Rabat expected a positive response from Madrid. That is why it has been looking for a supplier since January. The Moroccan government intends to sign a purchase agreement for a minimum of five years, according to the Minister of Energy Transition and Sustainable Development, Leila Benali. Benali also revealed that the cabinet heard several offers from a small group of traders, to whom she advanced that they could send the cargoes directly to Morocco once it has a floating terminal to import LNG.
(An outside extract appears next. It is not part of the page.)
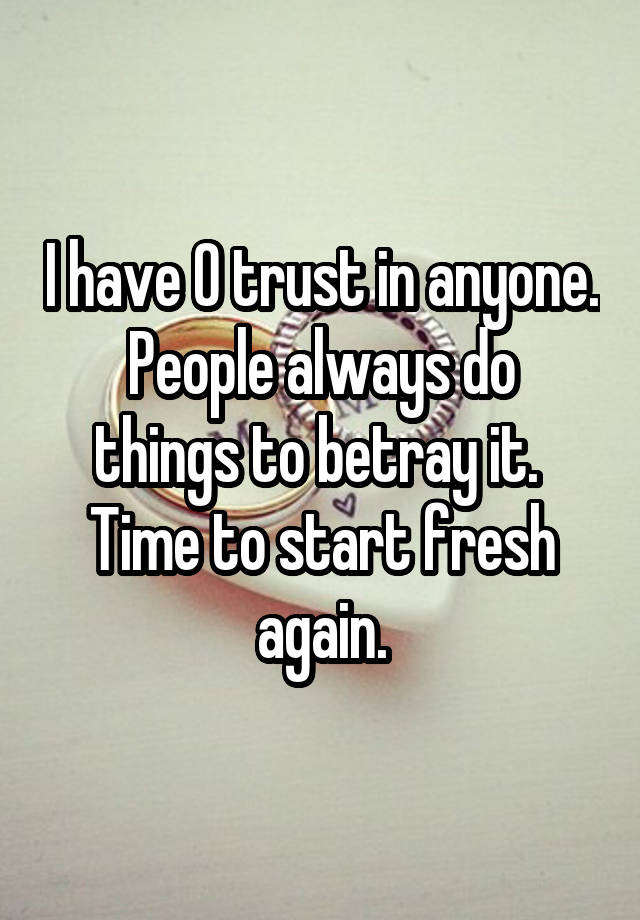 I have 0 trust in anyone.
People always do things to betray it. 
Time to start fresh again.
The news has coincided with the visit of the President to the United Arab Emirates. From the Dubai Expo, Pedro Sánchez has sent a new message of understanding with Rabat. "We have always considered Morocco a strategic ally in many fields, such as immigration, economic development and security. We are looking forward to strengthening this bilateral collaboration," he said when asked about the state of their relations.
Despite the agreement on energy, relations remain broken. Morocco's ambassador to Spain, Karima Benyaich, has not returned to Madrid since the outbreak of the diplomatic crisis in May, aggravated by the irregular entry of 10,000 people into Ceuta. The signs of détente promoted by Moncloa and Zarzuela do not seem to have had any effect, and a definitive reunion seems complicated, because for Morocco the solution lies in Spain's recognition of its sovereignty over Western Sahara, something that is not on its agenda.